PDF Oxide 采用 XY-cut 算法自动检测栏位,并按自然阅读顺序输出文本。自 v0.3.34 起,还增加了对稀疏版式误判的防护(版权页、标题页),并能正确处理正文中嵌有表格的混合版式。
快速示例
提取默认感知栏位,无需额外配置:
Python
from pdf_oxide import PdfDocument
doc = PdfDocument("academic-paper.pdf")
text = doc.extract_text(0)
# Columns are read top-to-bottom within each column, not interleaved.
Rust
use pdf_oxide::PdfDocument;
let mut doc = PdfDocument::open("academic-paper.pdf")?;
let text = doc.extract_text(0)?;
JavaScript / TypeScript (Node)
const { PdfDocument } = require("pdf-oxide");
const doc = new PdfDocument("academic-paper.pdf");
const text = doc.extractText(0);
doc.close();
JavaScript (WASM)
import { WasmPdfDocument } from "pdf-oxide-wasm";
const doc = new WasmPdfDocument(bytes);
console.log(doc.extractText(0));
doc.free();
Go
doc, _ := pdfoxide.Open("academic-paper.pdf")
defer doc.Close()
text, _ := doc.ExtractText(0)
fmt.Println(text)
C#
using PdfOxide;
using var doc = PdfDocument.Open("academic-paper.pdf");
Console.WriteLine(doc.ExtractText(0));
Java
import fyi.oxide.pdf.PdfDocument;
import java.nio.file.Path;
try (PdfDocument doc = PdfDocument.open(Path.of("academic-paper.pdf"))) {
String text = doc.extractText(0);
}
Kotlin
import fyi.oxide.pdf.PdfDocument
import java.nio.file.Path
PdfDocument.open(Path.of("academic-paper.pdf")).use { doc ->
val text = doc.extractText(0)
}
Scala
import fyi.oxide.pdf.PdfDocument
import scala.util.Using
Using.resource(PdfDocument.open("academic-paper.pdf")) { doc =>
val text = doc.extractText(0)
}
Clojure
(require '[pdf-oxide.core :as pdf])
(with-open [doc (pdf/open "academic-paper.pdf")]
(pdf/extract-text doc 0))
Ruby
require 'pdf_oxide'
PdfOxide::PdfDocument.open('academic-paper.pdf') do |doc|
text = doc.extract_text(0)
end
PHP
use PdfOxide\PdfDocument;
$doc = PdfDocument::open('academic-paper.pdf');
$text = $doc->extractText(0);
$doc->close();
C++
#include <pdf_oxide/pdf_oxide.hpp>
auto doc = pdf_oxide::Document::open("academic-paper.pdf");
auto text = doc.extract_text(0);
Swift
import PdfOxide
let doc = try Document.open("academic-paper.pdf")

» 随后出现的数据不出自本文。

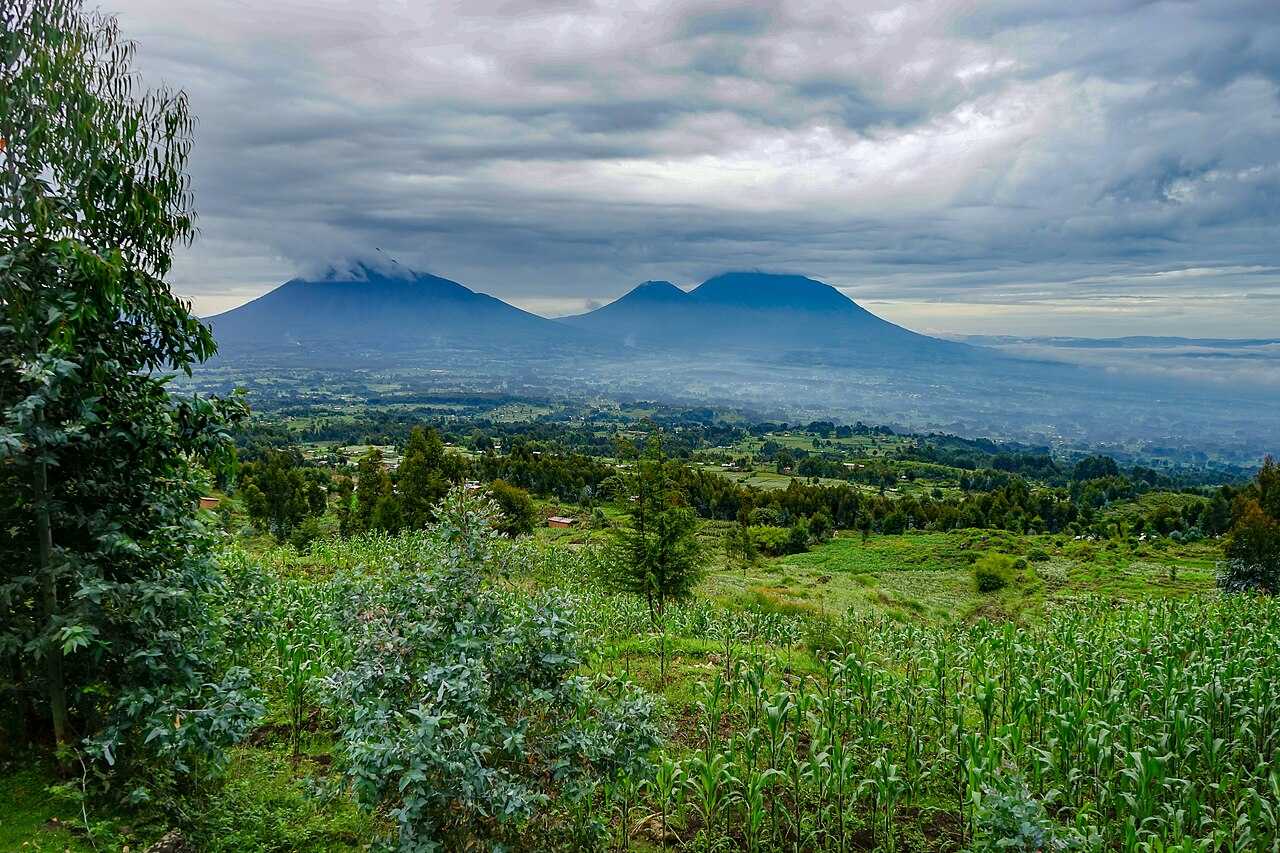 volcanoes-national-park-rwanda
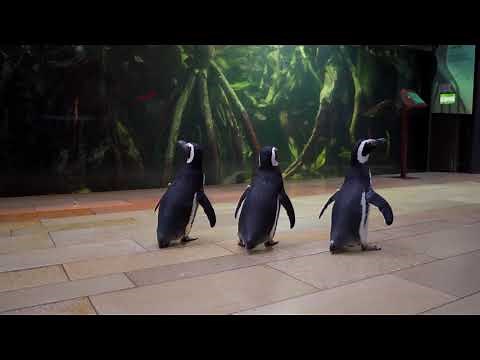 The Shedd Aquarium Penguins Visit the Amazon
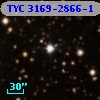 TYC 3169-2866-1
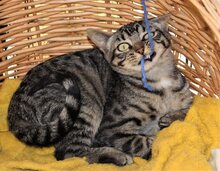 ISIDORO, Katze, Europäisch Kurzhaar in Philippsburg - Bild 8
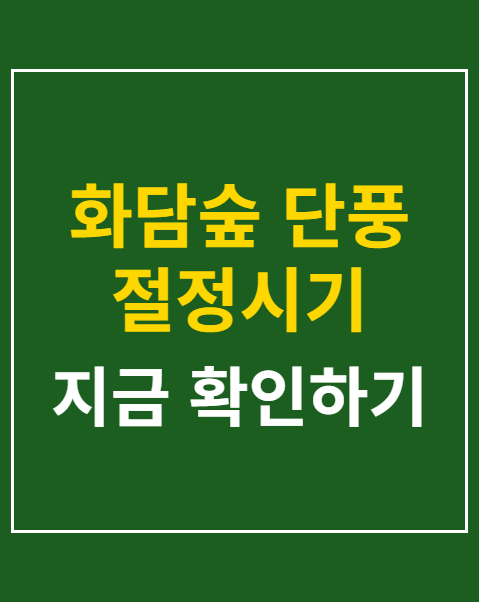 화담숲 단풍 절정시기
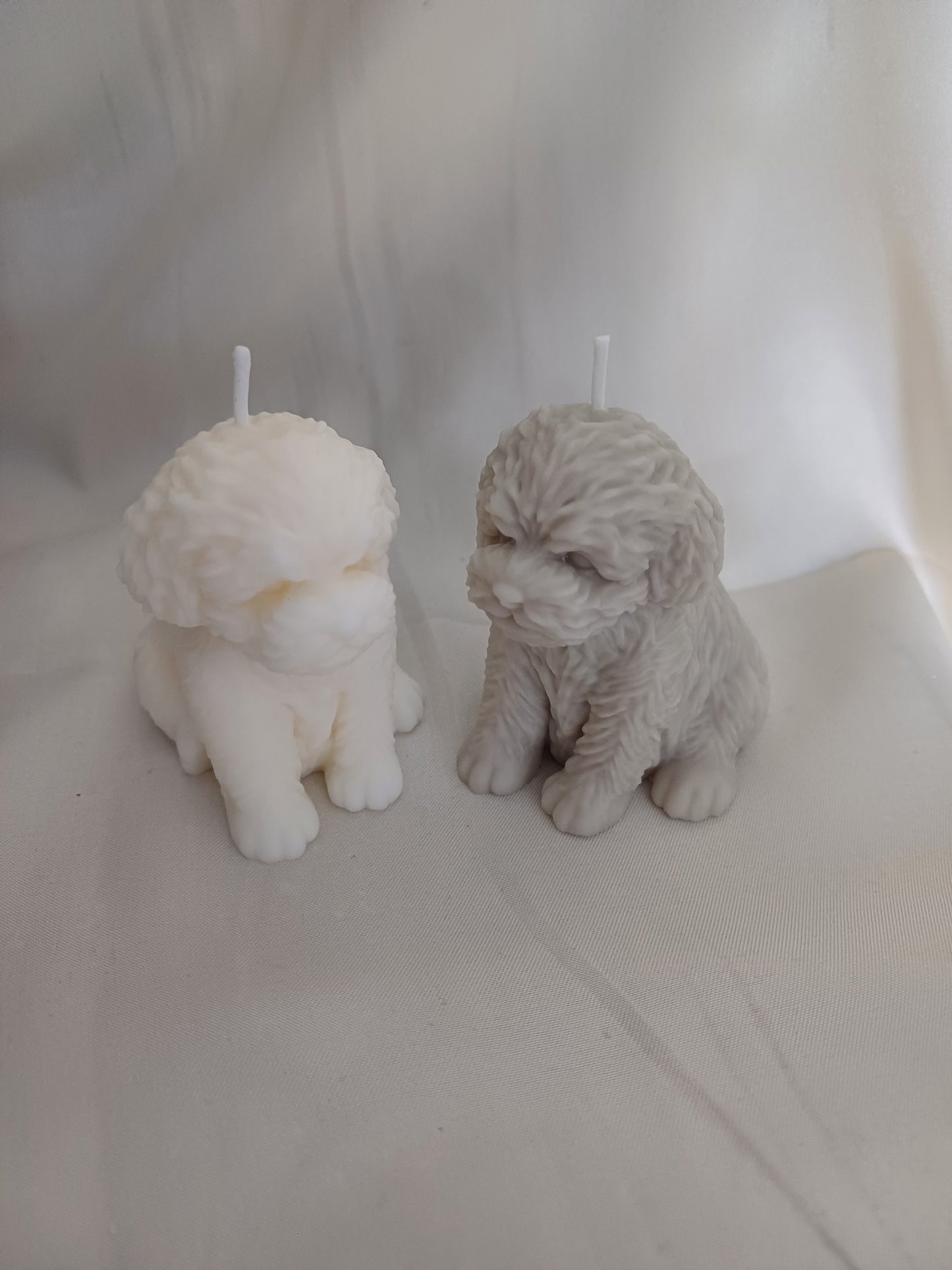 Hundewelpe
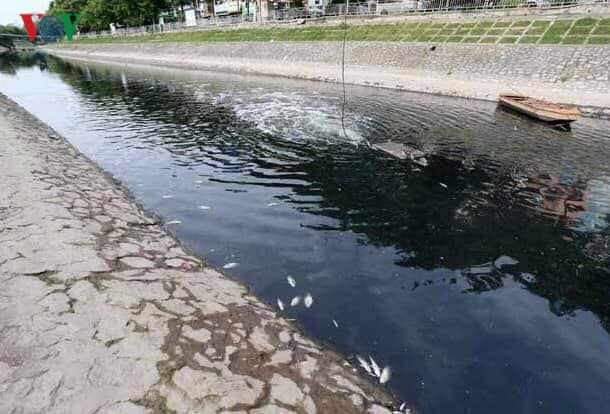 Cá chết nổi trắng dọc bờ sông.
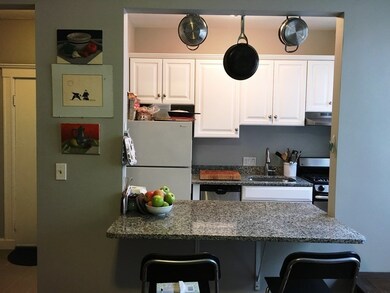 233 Kelton St unit 5, Allston, MA 02134 - photo 3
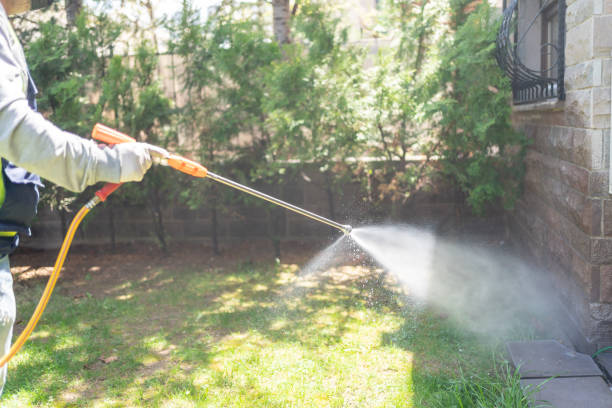 Best Best Pest Control Companies  in Ruston, WA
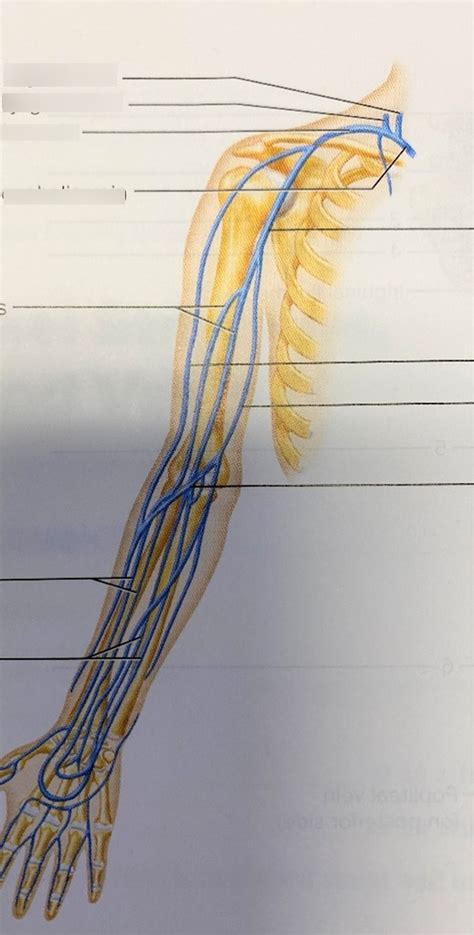 Figure 40 11 Veins Of The Arm Diagram Quizlet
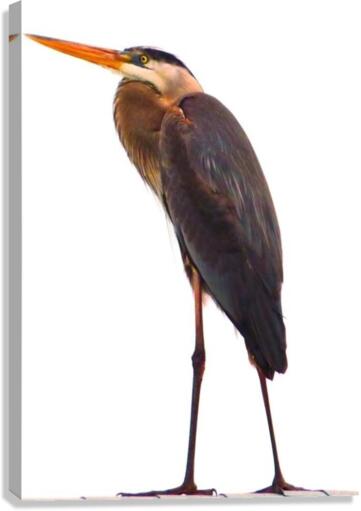 Blue Heron Florida Canvas Print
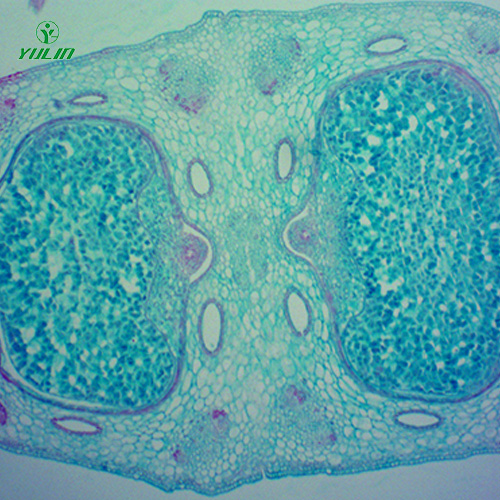 四川中药植物胚及果实类生物纤维玻片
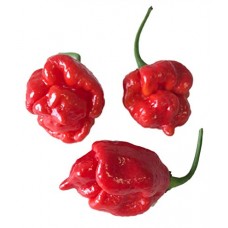 Butch T Chilli Seeds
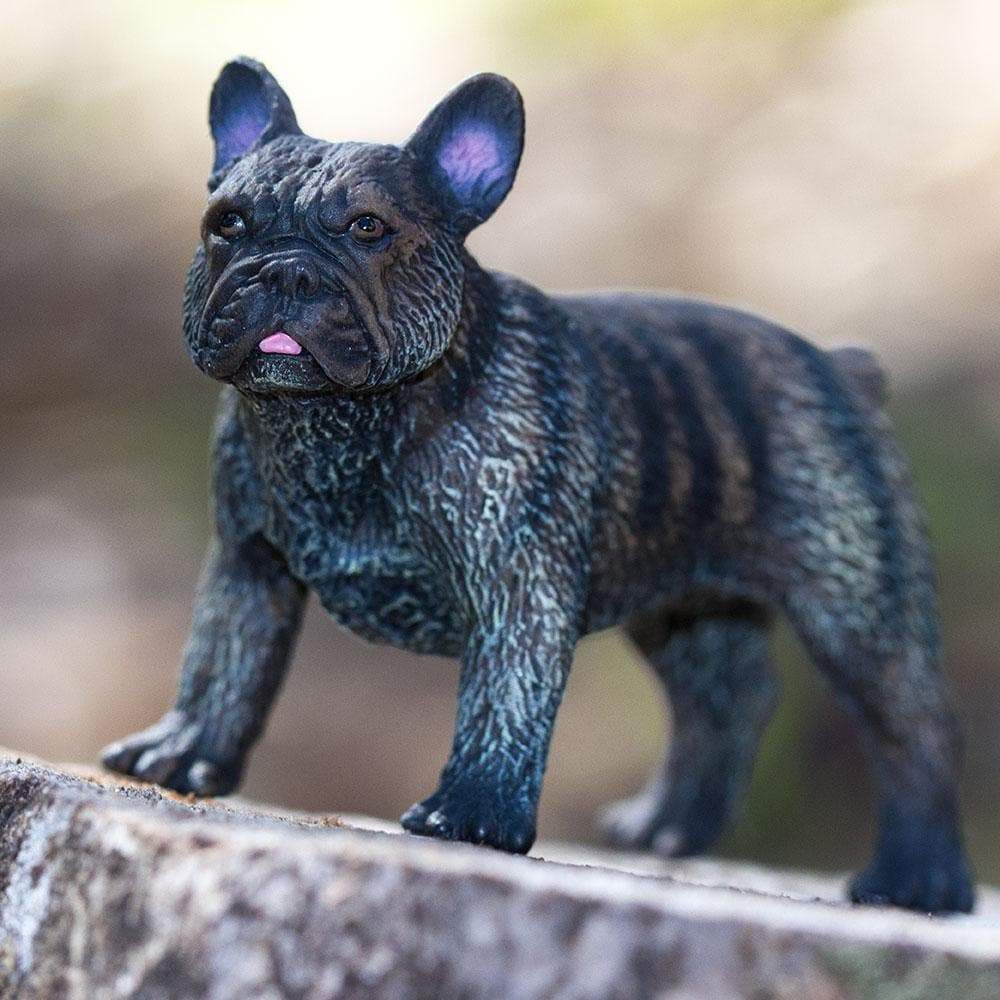 Figura Cachorro Bulldog Francês Safari Ltd.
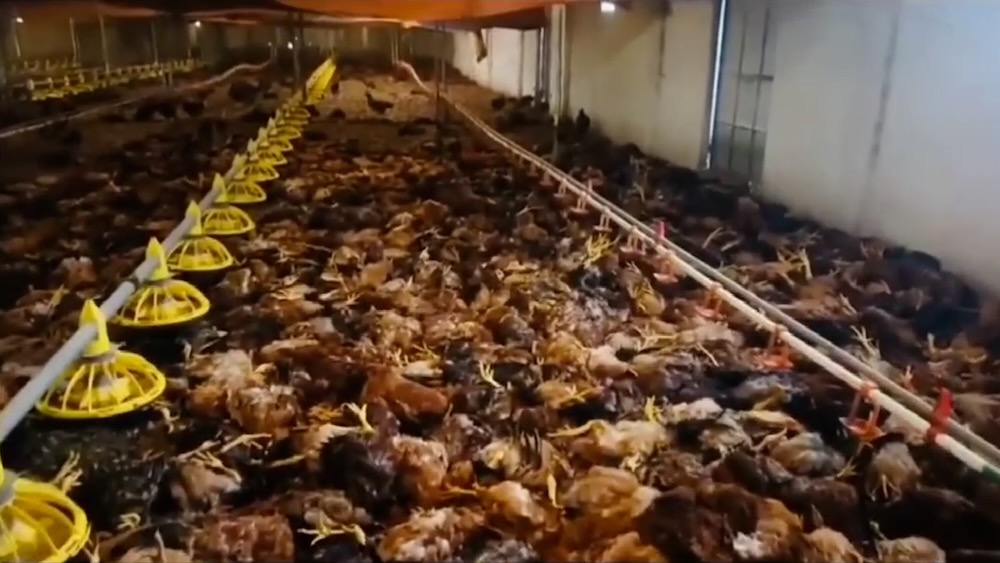 停電により、ゲアン省のある世帯の約5,000羽の鶏が死亡しました。写真:ゴック・アイン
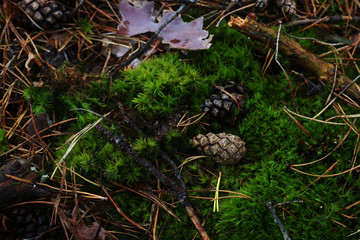 moss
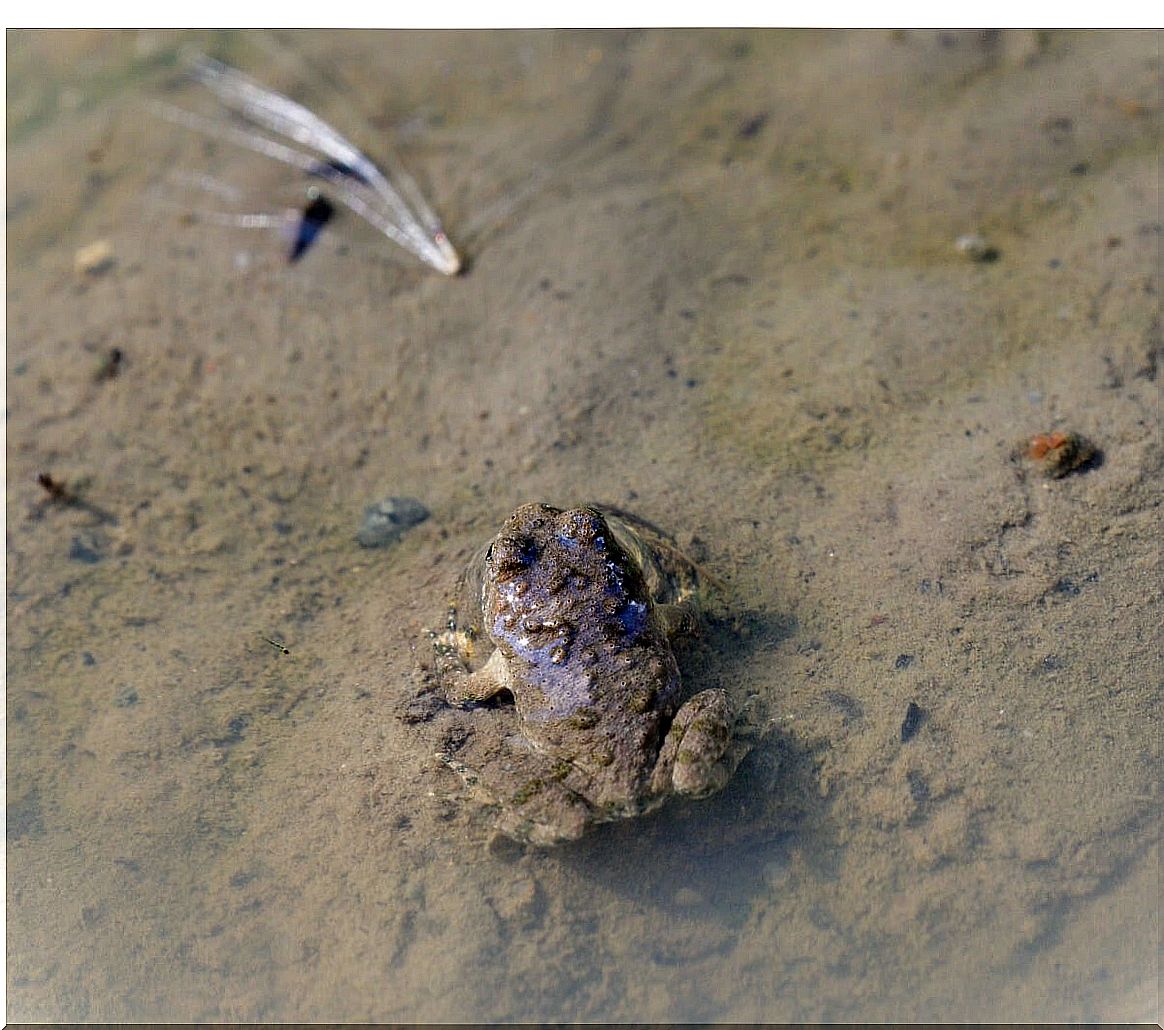 Hall's frog, a rediscovered species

let text = try doc.extractText(0)
Dart
import 'package:pdf_oxide/pdf_oxide.dart';
final doc = PdfDocument.open('academic-paper.pdf');
final text = doc.extractText(0);
doc.close();
R
library(pdfoxide)
doc <- pdf_open("academic-paper.pdf")
text <- pdf_extract_text(doc, 0)
Julia
using PdfOxide
doc = open_document("academic-paper.pdf")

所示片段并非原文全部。